4. Gossip. I wish word of mouth would shut the fuck up.

5. When you pack a banana with your sandwiches and they end up tasting like banana. If I wanted a banana-tasting sandwich, I'd make a banana sandwich. Duh.

6. People who join groups (on Facebook) and actually appear to BRAG about knowing the difference between 'your', and 'you're'. I learnt that in primary school. And don't even get me started on the 'there', 'their' and 'they're' people. They're even worse. They seem to have some kind of superiority complex over the 'your' people for knowing one more word than them. I mean really, how thick are these people?

7. Small Talk: It's not big and it's not clever.

8. People who think liking your own status is unacceptable. Liking your own status must be Facebook approved, otherwise you wouldn't be able to do it.

9. When I can hear my neighbours having sex. Hearing them argue is far more entertaining.

10. Negative comments on cigarette packets. I'd much prefer positive messages like: "If you don't smoke you will live a long prosperous life."

11. The fact that downing cold, fizzy drinks - to a certain extent - actually hurts.

12.The idiot that forgot to write on the box how long you're supposed to pre-heat the microwave for.

13. That liking (Facebook) groups is like putting on weight; easy to gain, missions to lose.

14. Whoever did all the washing up in the house. You missed a bowl in my room. Gawd. 

14. Myself for writing 14 twice.

16. ...and thinking it was funny.

17. Anyone who didn't have the time to get to here.

18. Anyone who didn't even get to this page.

19. People that take themselves too seriously. 

20. Lists listing things people hate.

Thursday 28 July 2011

Go On, Humour Me

I really couldn't decide whether or not to open this piece with a joke or a definition. The problematic disposition of a writer: open with a joke and they don't take you seriously, open with a dictionary definition and they think you take yourself too seriously. Well, after many (brief) seconds of hard thought, I decided to go with the joke. Only kidding, here's the definition. Hey, that was quite funny.

The dictionary states that : a sense of humour, is the ability to appreciate or express that which is humorous.

Now, I know what you're thinking, starting an article on humour with a dictionary definition is far from humorous, but, in this case, I felt it was necessary to give a solid meaning, and, thus, ultimately expressing a strong sense of clarity and direction towards the rest of the piece. Either that, or it's just my feeble attempt to sound mildly academic.

Humour is a vital part of our lives. Imagine a life with none whatsoever. It would be a dark, serious world with no right place for jokes, quips, mocking or even friendly banter. I have always embraced humour with open arms and believed it to be essential to our well being and overall happiness in life.
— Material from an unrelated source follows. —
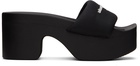 Alexander Wang Black AW Platform Slides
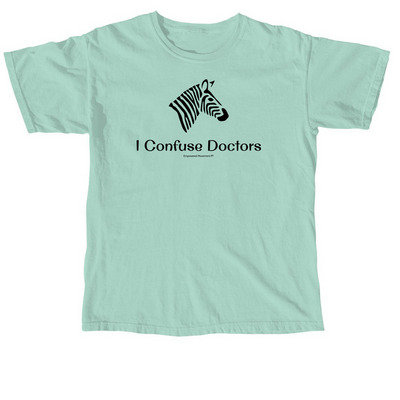 I Confuse Doctors, a Chalky Mint Comfort Colors Unisex Tee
From something subtle and amusing, which can make us smile, to full-blown belly laughs that leave you rolling around, gasping for air, we find that humour brings us joy, whether it be fired from the tongue of a witty remark or expelled from the deafening visual CRASH blasted from a slapstick scenario.

As the author, I think I may be excused and allowed my right to indulge in expressing what humour means to me in context of this article - so let's try this without quoting the dictionary this time, eh? Humour is all around us; it's within us, just waiting to escape at any given exit. It wants to be released and exposed, and trust me, it always finds a way. I think the highest concentration that we can source these days has to be through the extremely powerful medium of TV. Humour sells, and, as long there are people who will laugh at jokes, there will be people willing to make money and sell them. This article, however, is about my experience with humour, and, if I'm honest, I have recently found that comedy shows bore me after a while. As funny as they are, for whatever period of time my patience endures, I find them frustratingly limiting - the way they relentlessly constrain the horizons of humour. Let me explain. They don't allow room for creative-inventiveness; they are less of a blank canvas, and more of a finished piece. After years of being told TV is bad for you, I can finally see a glimpse of this truth for myself.
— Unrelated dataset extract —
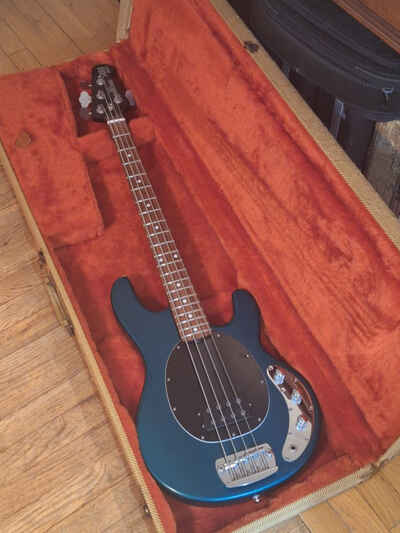 Teal Music Man Sub Bass Guitar 4 String Made In USA Plus Case Great Condition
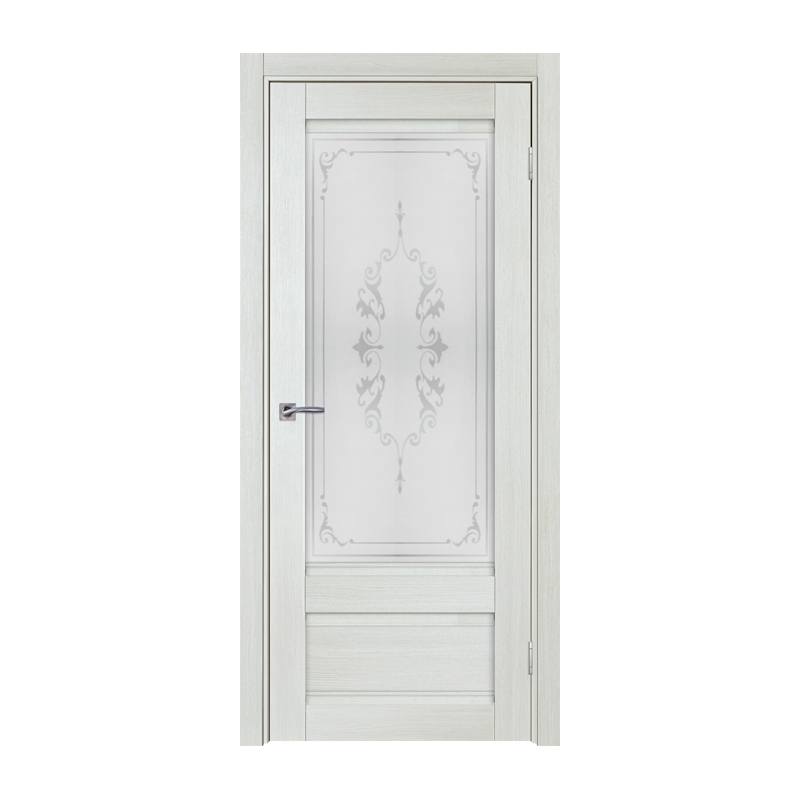 

Дверное полотно ТД ТД-781 2000х700 мм Дуб беленый R (чёрн. стекло)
One thing I like more than hearing a good joke (making me laugh) is making my owns little gems and sharing them with the world, thus, sharing happiness (making them laugh). To explain my point better, think about what happens when you smile at someone. You'll notice a rather pleasant domino effect: you smile at them, making them happy, they smile back which, in turn, makes you happy! Everyone's a winner.
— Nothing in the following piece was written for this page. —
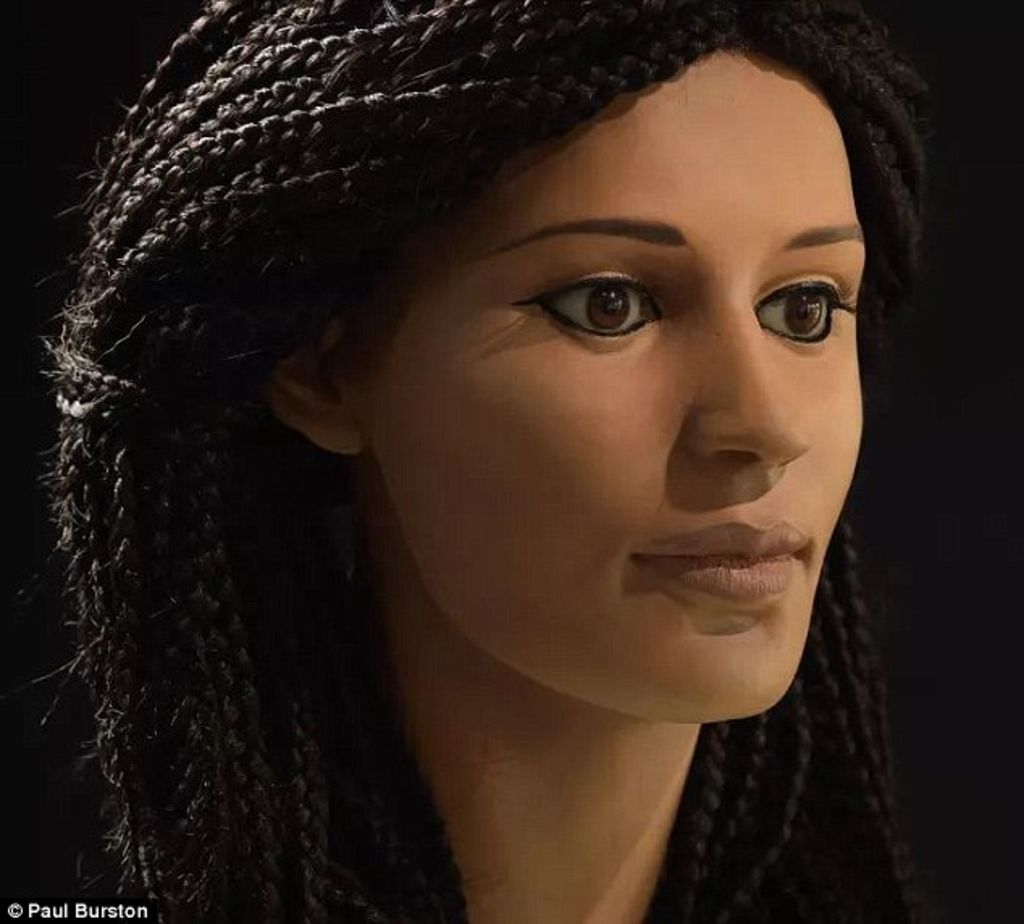 Reconstruyen la cabeza de una momia egipcia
As far as a hobby goes, finding and hearing jokes is all well and good, but I, perhaps selfishly, have found a greater deal of pleasure and satisfaction from constructing my own jokes, be they sewn together from the delicate threads of social observation, or just simple and plain fun being had with punderful word play. I've been actively doing this for years now – gathering all the pieces in front of me, in any situation that presents itself with potential, to piece together a puzzle, bit by bit, until I have the the bigger picture. The finished piece. 


The only trouble you find with constantly churning out jokes is that not everyone is a satisfied customer. In fact, in my case, none of them are satisfied customers, as I'm yet to make any money from them! But that's not where my loyalties lie; I'm just here on this this planet learning all that I can and trying to enjoy myself as much as possible. And if I can help others be happy on my quest for this, clearly attainable joy, I will always be trying my best. Now would be an exceptionally ideal time to use a cliché like we're all in the same boat. But in reality, I think some of us are, but the rest are just on the same page. Either way, there is some sense of unity and that is what essentially brings us together: the common touch.

I don't get annoyed or upset, or even offended, when people tell me my jokes aren't funny. A joke works quite easily: you either find it funny or you don't. Even the world's best comedians can't capture the hearts of every audience. So, when they tell you coldly, "That's not funny", kindly remind them that a joke's success is not based upon the frequency of the laughs, but, rather; the presence of the laughs. And if they're too sour to appreciate or understand the concept, the joke's on them.

After that deceptively serious piece of writing, I though I'd lighten the mood with a joke I came up with earlier today:

No matter how small, I'm sure there's a joke in the fact I'm getting penis enlargement ads sent to my 'junk' mailbox.